Will Ferrell wears a Cad & the Dandy suit in Barbie.

The story of how Cad & The Dandy, which was founded in 2008 and today sits at No. 13 Savile Row, found itself entwined with filmmaking is a familiar one on the Row. Actors who were existing clients would be cast in a production, and then suggest that their tailor be used to make the character’s clothing (in particular, Sleater references the actor Eddie Marsan, who’d been a Cad & The Dandy customer and has now worn its clothing in multiple productions, most recently the Amazon Original series The Power).

What had been a minor side job for the bespoke maker escalated dramatically when it was tasked with outfitting a later entry in the Men in Black franchise, which required hundreds of suits. Cad & The Dandy soon earned a reputation within the industry for being able to fulfill high order volumes in a relatively short time, which Sleater credits to such factors as having multiple work premises and holding hundreds of fabrics in stock.

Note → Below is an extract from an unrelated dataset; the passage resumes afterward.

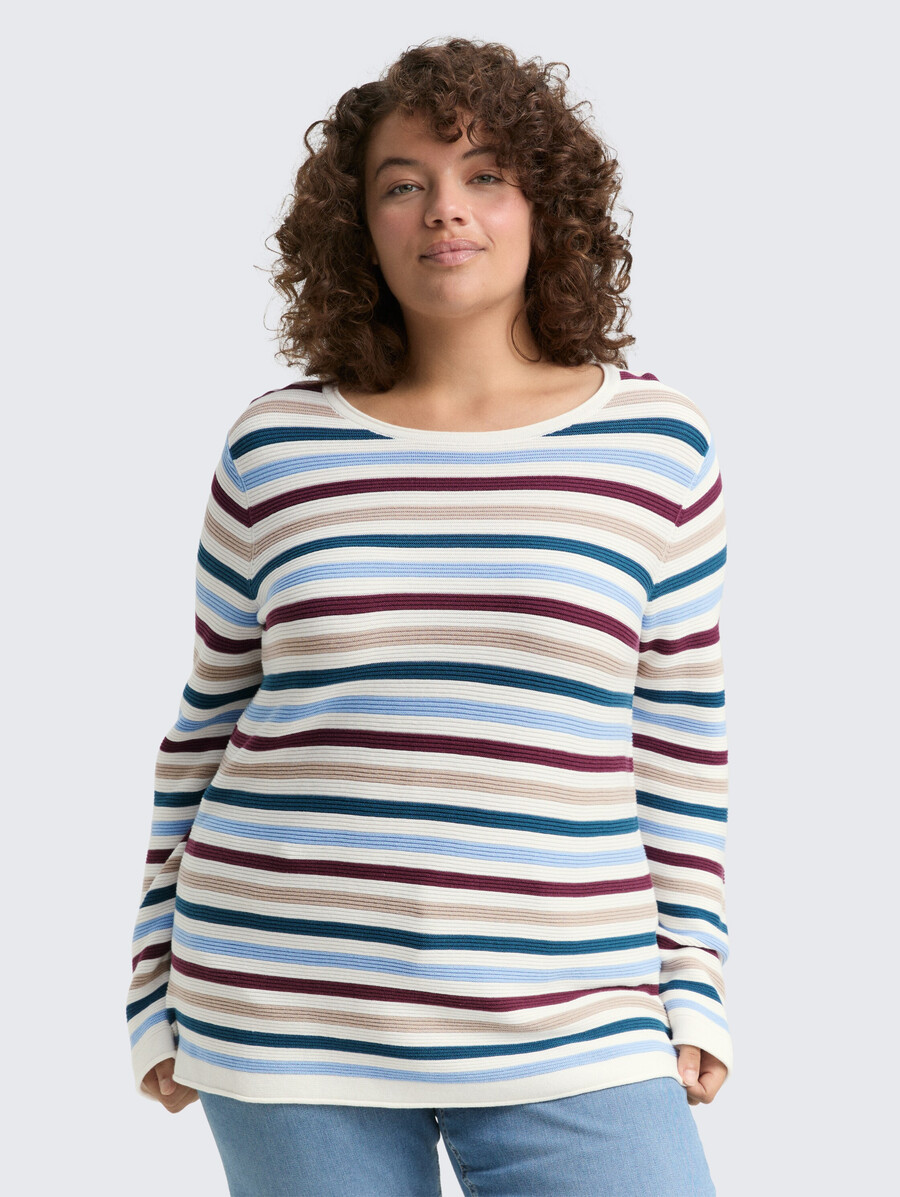 pull en maille grande taille confectionné en coton biologique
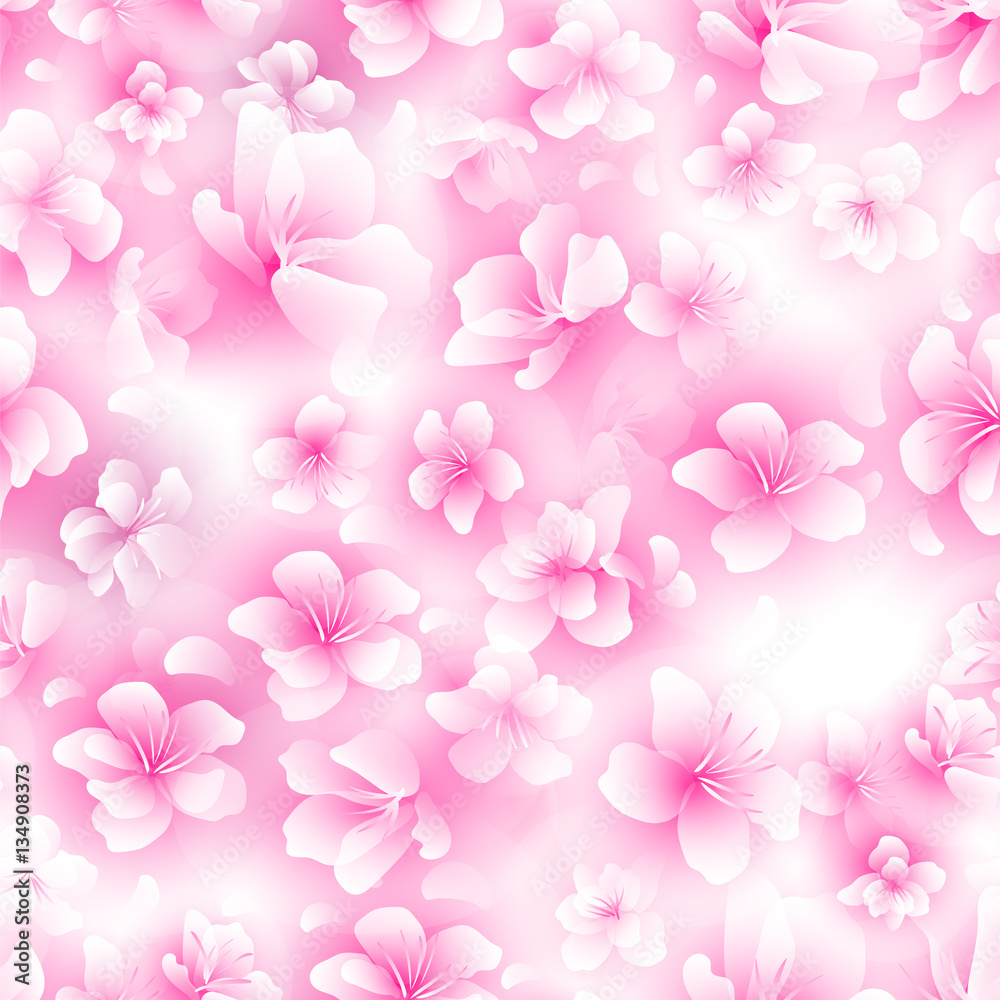 cherry blossom festival Hanami - seamless background with flowers of Sakura cherry blossom festival Hanami - seamless background with flowers of Sakura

“If someone on a film says, ‘Can you make us a suit in 72 hours?” we can do it,” Sleater tells Robb Report. “It’s not what we want, it’s stressful and we won’t get much sleep, but because we’ve got the stuff in our physical possession, we can invariably do that without too much bother.”

Cad & The Dandy made the deceptively lightweight coat Samuel L. Jackson wears in Secret Invasion.
Cad & The Dandy made the deceptively lightweight coat Samuel L. Jackson wears in Secret Invasion.

It’s for that reason that Cad & The Dandy was able to produce nearly 70 pairs of trousers for Harrison Ford to wear as the danger-prone protagonist of Indiana Jones and the Dial of Destiny. But that’s not to suggest its strength lies solely in delivering quantity; working with actors and costume designers has seen Cad & The Dandy deploy its tailoring chops in unusual ways.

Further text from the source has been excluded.